| How I Got Across the Great Divide By Tina Traster
July 23, 2009
-- Is it me or is the word suburbia loaded? Like 'stay-at-home
mom' or 'Britney Spears', suburbia has its fans, satirists,
detractors. Until 2005, I was smugly ensconced in the third
category, a self-styled city slicker who wore black garb, told
cabbies the best route to get across town, exchanged
intimacies with people riding elevators. Typical New Yorker.
Suburbia to me -- a psychologically-scarred Brooklyn-born kid
whose family never 'made it' to Long Island -- was an aseptic
construct where women over 35 lost their edge and their calf
muscles because they spent days driving to the strip mall and
taking junior to soccer practice.
"That will never be me," I'd swear to my husband driving
over the George Washington Bridge after visiting friends who
lived in cavernous colonials with marbled foyers and Labrador
retrievers. My lifelong scorn for suburbia pre-conditioned me to put up
with every city-related inconvenience or absurdity, for
example, circling like a hungry buzzard for a parking spot or
keeping windows shut on hot summer nights to drown out whining
sirens and the occasional gunshot. Even when I was tripping
over my toddler's loot, I believed IKEA was the solution to
our ever-shrinking 700-square-foot apartment and our inability
to buy a bigger place in a steroidal real estate market.

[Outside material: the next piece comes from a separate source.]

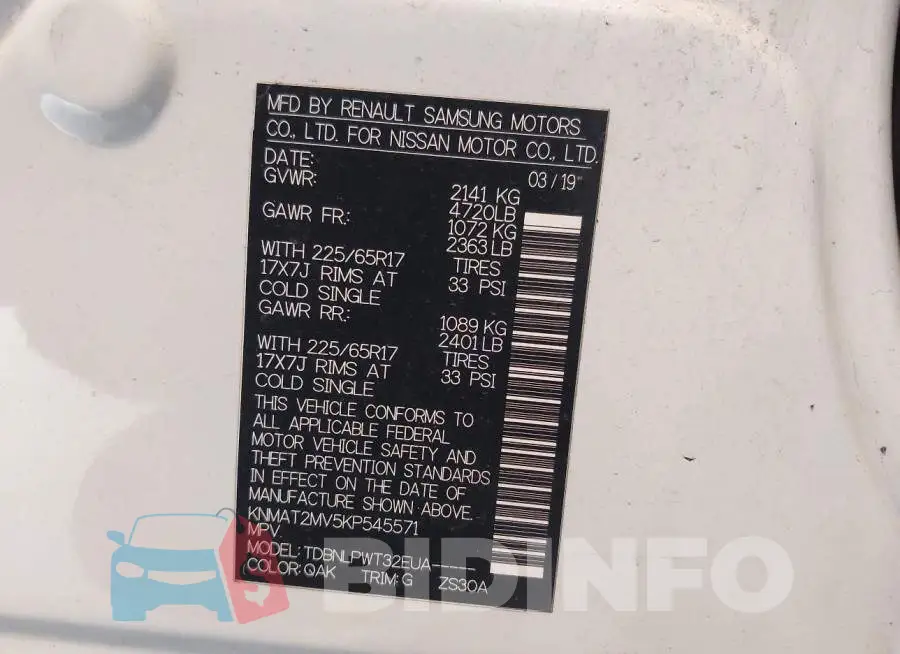 KNMAT2MV5KP545571 Photo# 9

Still, I would not contemplate suburbia. I was mentally and physically asphyxiated by my long-held
beliefs that the sticks were filled with people who stopped
going to independent films and who ate dinner before 7. Sure I
was yearning for room and trees and a driveway but my
childhood demons were ninjas. It all started the day my family
piled into the yellow Cadillac to see the white house for sale
in Long Island. At ten, this was the most glamorous house I'd
ever stepped inside of - it was nothing like the cramped ones
in Brooklyn. My mother wanted this house and this life more
than anything in the world. My father didn't. He thought a
Cadillac in his driveway and a detached house in Canarsie was
good enough. My mother's brooding and envy for greener
pastures turned into scorn for all-things-suburban. An
emotionally resourceful woman, she came up with plan B: raise
her daughters to worship Manhattan. Throughout college, I
tacked up in every dorm room I lived in a famous New Yorker
magazine poster that showed Manhattan as the center of the
universe. It was the center of mine. At 43, I'm restless and don't understand it. I don't bother
leaving my neighborhood any more. I thought I would relish
taking my toddler all over the city the way my mother did with
me but we mostly walk from our apartment to familiar stops
along the way and back. Every day. The idea of my daughter
having a real bedroom with windows rather than the alcove she
sleeps in seems more important than her being able to identify
Impressionists at the MET. My dreams of raising a city kid - a
real city kid - are eluding me and I'm scared to death. In
their place are mental illuminations that my child might be
better off if she knew the difference between lavender and
salvia or if she woke to the "whata-cheer-cheer-cheer" of
Northern Cardinals. My primitive impulses take shape because
on weekends in the summer and fall we rent a tumble-down lake
cottage in the country and I remember something I've long
forgotten: how happy I was during my childhood at sleep-away
camp upstate in the mountains. Before we leave the country after each weekend and return
to Manhattan it takes 30 minutes to coax the cat out from
under the bed. He stares at me with glazed yellow eyes that
say "you got me up here and now I'm not leaving." I feel the
same way. On the late autumn day when we pulled out of the
lake-house driveway at the end of the season I exploded into
tears. "Why is mommy crying?" my daughter asked. "Because she
doesn't want to go back to the city," my husband said. During the two-hour drive home I let those words run
rampant in my mind, like letting puppies out of a crate. They
wreak havoc with notions I cling to. Indeed I am tired of
writing in a kitchen nook facing a brick wall. I am still
fearful of the subway and crowded spaces in the post 9/11
world. My love affair with Manhattan is waning; it is a
painful breakup. It is never a picnic to relinquish what we believe we
absolutely think we know. There wasn't one big defining moment that led to the
purchase of a beaten-down 1850s farmhouse on a glorious wooded
mountaintop. More like a steady trickle of frustrations I
finally stopped resisting. In 2005, I became a... yes I can
say it...I became a suburbanite. I admit I'd rather say I live
in a river town along the Hudson, which technically I do, but
my house is 40 minutes from Manhattan, and the rest of the
folks who live here call it a suburb.